The phenomenon of electrowetting has recently been used as a method for manipulating liquids confined to millimeter scales and below. The basis for this liquid actuation arises from electrically altering the surgace tensions between a conductive liquid, an ambient surrounding fluid and the substrate. Combining this technique with thin film fabrication and microfluidics opens the door to tunable and reconfigurable liquid-based devices spanning a broad range of areas including lab-on-chip-, digital microfluidics, displays, optics, and electronics. The goal of these agile liquid devices is to enable more functionality than a static solid component (e.g. glass lens or copper antenna) has in a small footprint. One advantage that electrically controlled actuation has versus tunable devices based on mechanical motion or pneumatic pumping, is that the former does not require bulky periphery components. Coupled with response times in the 10s of milliseconds and the lack of mechanical wear and tear, electrowetting based tunable devices show promise for reconfigurable optics and electronics.
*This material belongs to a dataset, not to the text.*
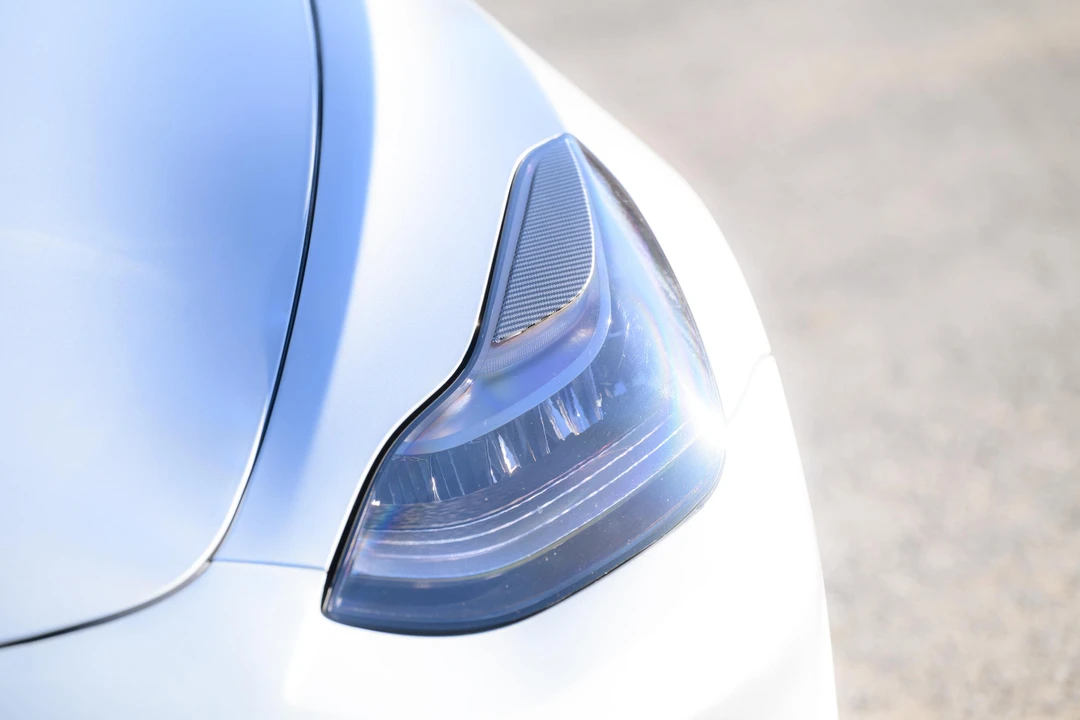 2018 Tesla Model 3 Performance - Image 18 of 31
This talk will focus on the development of electrowetting lenses and prisms and the applications they can serve for imaging and optical technology, as well as the study of applications for electrowetting with non-toxic liquid metal alloys.

Biography:

Dr. Watson is a research scientist for UES Inc. working at the Air Force Research Lab in Dayton, OH, where he is part of the Liquid Metal research team. His current studies involve electrostatic manipulation of non-toxic, gallium alloys that remain liquid at room temperature. Controlled movement of this metallic material has promising impact for reconfigurable electronics. Dr. Watson earned his Ph.D. from the University of Colorado Boulder where he studied tunable optical devices based on the same elecrowetting effect he currently studies for liquid metal electronics. He earned his bachelors and masters degrees in electrical engineering at the University of Dayton studying micro- and nano-fabrication for creating optical filters.